My Lords, first, can I say how much we welcome the words of the noble and learned Lord, Lord Morris of Aberavon? I am sure that, in Wales, people will have been listening very carefully to what he said. My emphasis will again be on Wales and in a different context.

We need to confirm Brexit or otherwise, and we do that by voting. We voted in the referendum. People will say that we had one vote—that the people voted and made their voices heard—but it is unusual for people to rely on just one referendum. In Wales, we had a referendum on Welsh devolution way back in 1979, when 20% of the people of Wales voted for devolution. Some years later, just over 50% voted for it, but people had changed substantially in those years. People are allowed to change their minds. If they do not, they are like stagnant water that is not fit to drink.

Let us look at other things that have happened in Wales. In 1961, we had the first referendum to open pubs on Sundays. As a Methodist minister I was not in favour and the people were not in favour. Nine local authorities voted to stay dry. Eight local authorities voted to open, so it was just over 50%. The next election on this came seven years later, and another two or three voted to open. We came to the last vote, which was the sixth referendum. This was in 1996 and then the whole of Wales voted to open.

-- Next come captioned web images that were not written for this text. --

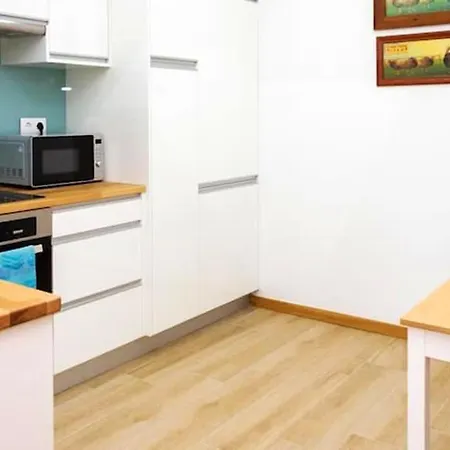 With 2 Bedrooms In With Wifi Διαμέρισμα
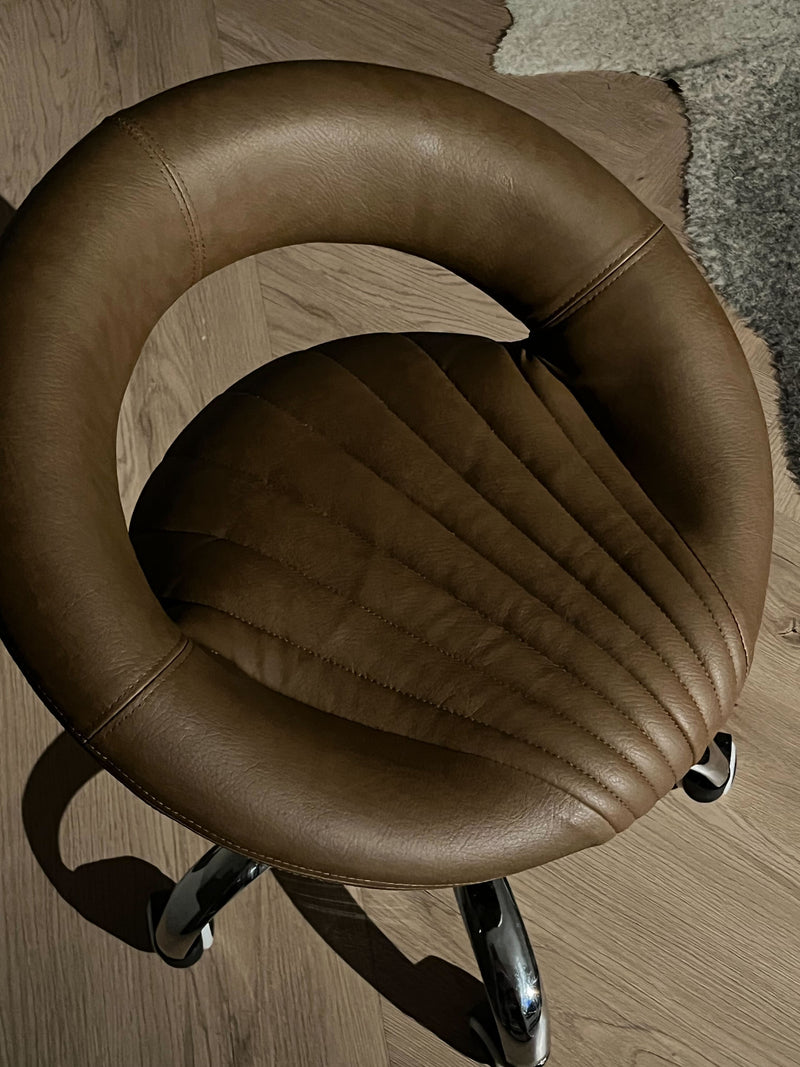 The Fleur Artist Stool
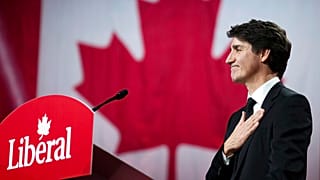 El primer ministro canadiense, Justin Trudeau, termina su discurso en el anuncio del liderazgo liberal en Ottawa, Ontario, el domingo 9 de marzo de 2025.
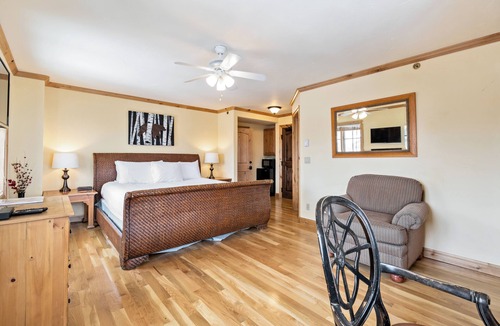 Beaver Creek Hotel | Slopeside Luxury, Pool, Hot Tubs, Conceirge | LB400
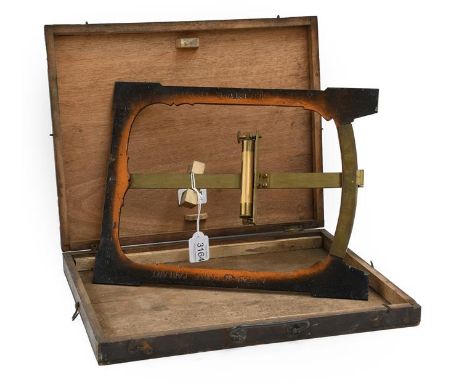 Clinometer showing inclination in inches per foot on brass scale, with level on arm in rectangular frame impressed 'Niveau de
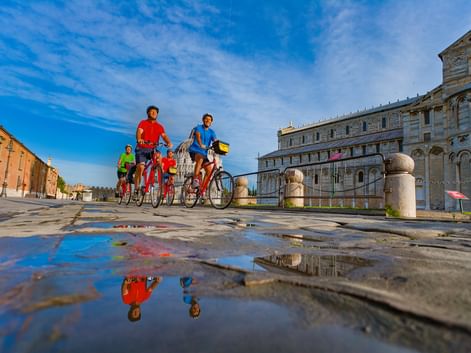 A vélo à Pise, sur la Piazza dei Miracoli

People change their minds, very substantially. People are allowed to change their minds. Of course they are. What is this House but a place where we change what has been decided by the House of Commons? If we do not change our minds then it is hardly worth our sitting here. Of course, today we do not penalise people because they change their minds. In the Middle Ages if someone changed from one faith to another, that was the end of that person. Some areas of the world today have that total opposition to people changing their minds. Let us not be embarrassed at all. Let the people change their minds. Let them think. If we do not want them to think, we are doing something very dangerous. So I say, yes, we need another decision. The people voted in a referendum, 48:52, to come out of the European Union. There is no threshold there, only a majority, but it is said, “People have voted”. Is it not reputable for us as a House to say, yes, we have confidence that, having explained the details, the people will be able to take a rational decision—a rational decision very necessary at this time?

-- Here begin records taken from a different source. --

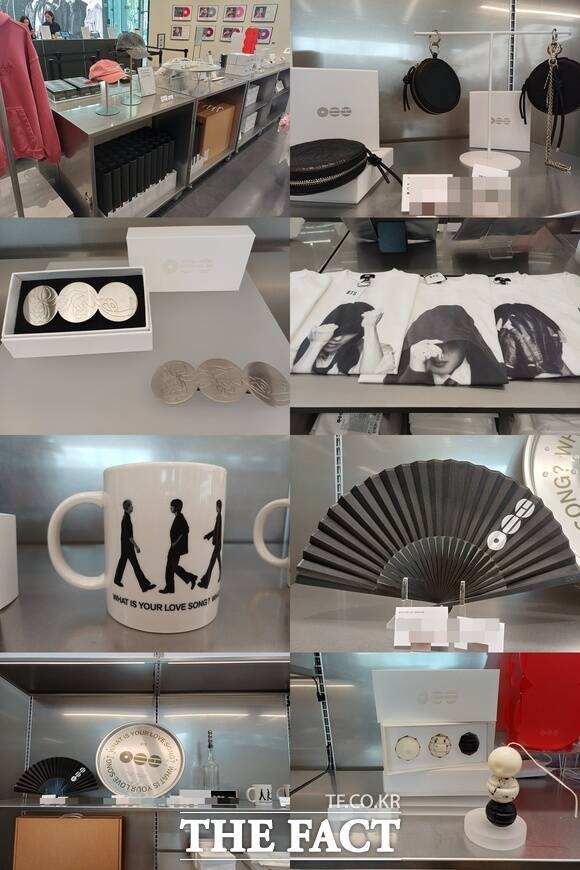 하이브는 방탄소년단의 컴백에 맞춰 국립중앙박물관과 협업한 상품을 비롯해 특별한 의미를 담은 여러 상품을 선보였다. /정병근기자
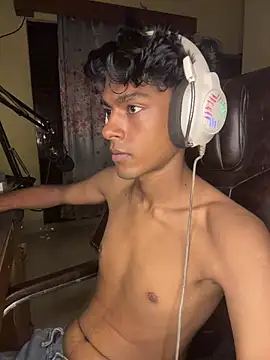 RavenKisses Live XXX-Chat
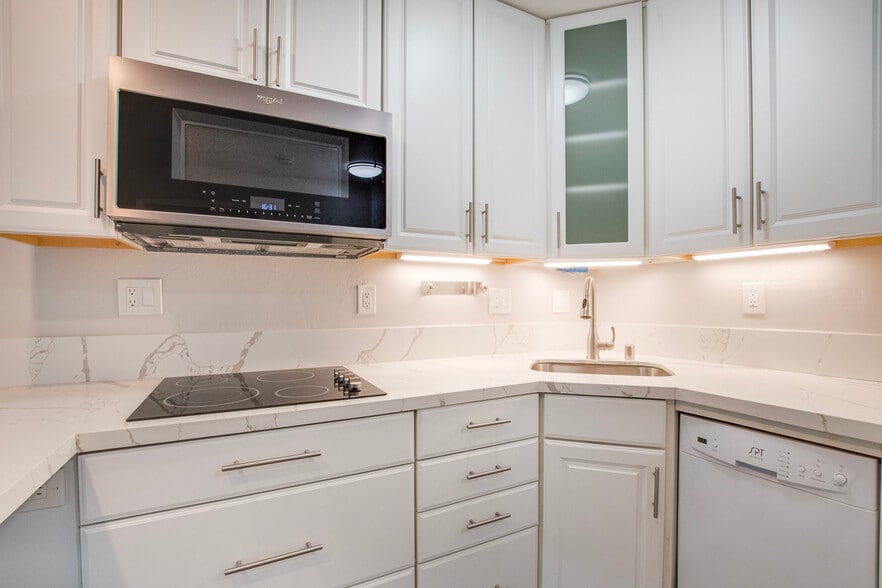 Building Photo - 3776 Alabama St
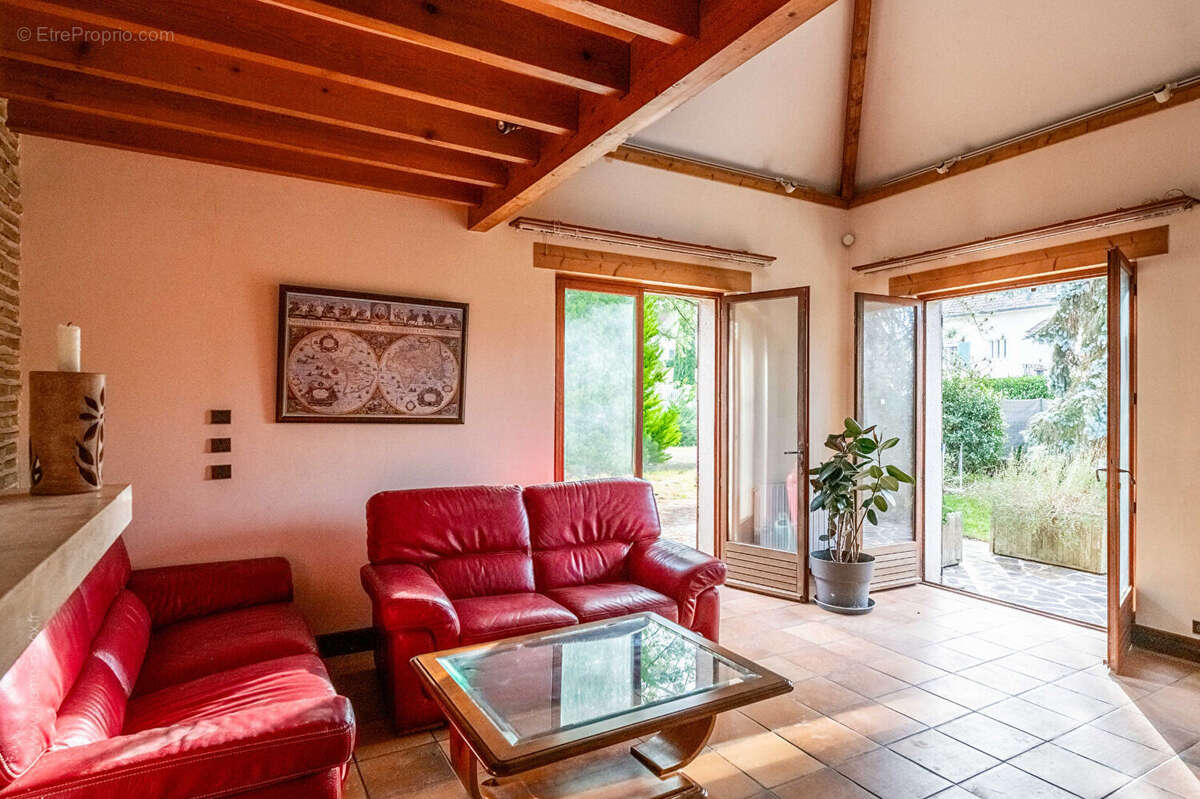 Maison à LA CELLE-SAINT-CLOUD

How will coming out of Europe affect us? We are in a world where we have North Korea, a President of the United States whom I do not understand most of the time, and Putin in Russia. These are dangerous people and if we opt out of a stable relationship with a Europe that has the confidence of the members who belong to it, are we not really saying that we as a UK have no confidence; that we are content to be a backwater? We are not a backwater. Over the centuries we have had a distinctive position. Now we come out of Europe, we weaken Europe and we weaken ourselves.

Therefore I suggest briefly: do not be afraid of changing your mind or having a second vote. That first vote was only one vote. Also I want to say, and others have said it this evening too, that young people aged 16 and over should be allowed a vote in any referendum. It is their future. I and most noble Lords have done our best in the past but these youngsters have the future and they have to shape that future. Wales has already decided. Today, in the Assembly in Cardiff they are going to vote to give youngsters the vote at 16. Do not let England be far behind Wales and Scotland.